A marble memorial at the Hall County Sheriff’s Office’s headquarters bears the names of four men who died in the line of duty, the most recent being Deputy Nicolas Blane Dixon.
The Sheriff’s Office announced the memorial, which was provided by Memorial Park Funeral Home, was available Tuesday, Aug. 18 for the public to visit on Browns Bridge Road.
The memorial lists the four names and their last days of service, known as their “end of watch” dates.
Dixon’s name is included along with Deputy William Jefferson Dorsey, Sheriff Ferd Bryan and Deputy James Timothy White.
“If you walk through Sheriff’s Office facilities, you may see tributes to each of these public servants individually,” Sheriff Gerald Couch said in a statement. “Until now, there hasn’t been one publicly visible memorial for them all. While I pray this community never has to add another name to it, the stone stands to honor the life and service of each officer who made the ultimate sacrifice. We will never forget.”
Dixon, 28, died July 8, 2019, after pursuing four men in an allegedly stolen vehicle on Jesse Jewell Parkway in Gainesville, according to the Georgia Bureau of Investigation.
Dixon and another deputy reached the suspects on Highland Avenue. Dixon was shot one time in an exchange of gunfire, according to the GBI.
Four men have been charged with murder, and their case is still pending.
Dorsey was dispatched Feb. 25, 1920, to the Gainesville Mill to break up a fight.

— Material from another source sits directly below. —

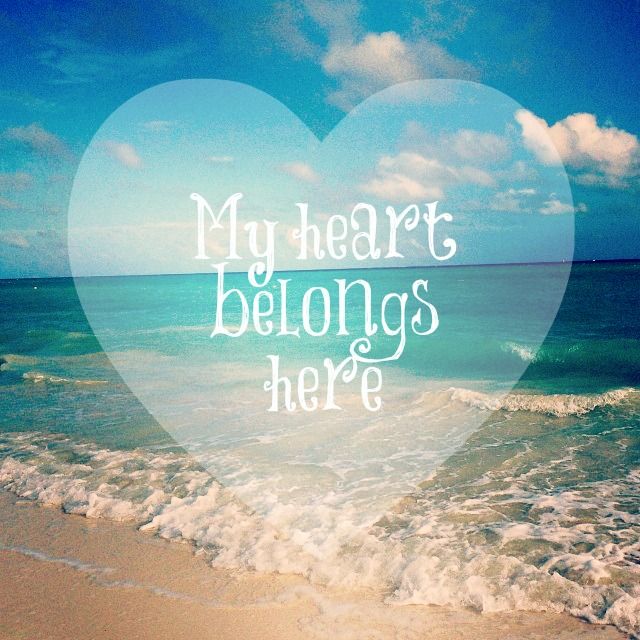 a heart with the words my heart belongs here written on it in front of an ocean wave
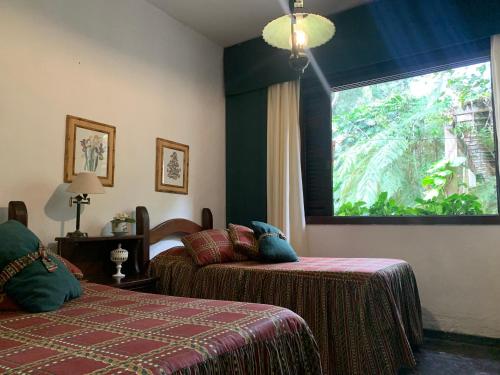 彼得罗波利斯Casa com cachoeira e rio particular的一间卧室设有两张床和大窗户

While trying to arrest two men, he was shot in the stomach.
Dorsey died the next day and was buried at Lebanon United Methodist Church.
Bryan died of a heart attack May 6, 1950, during a struggle, where he was trying to arrest someone in Flowery Branch, according to the Sheriff’s Office.
White died Oct. 3, 2005, two days after a traffic incident on Ledan Road while responding to a 911 call, according to the Sheriff’s Office.
The memorial also has a quote from Matthew 5:9, “Blessed are the peacemakers: for they shall be called children of God.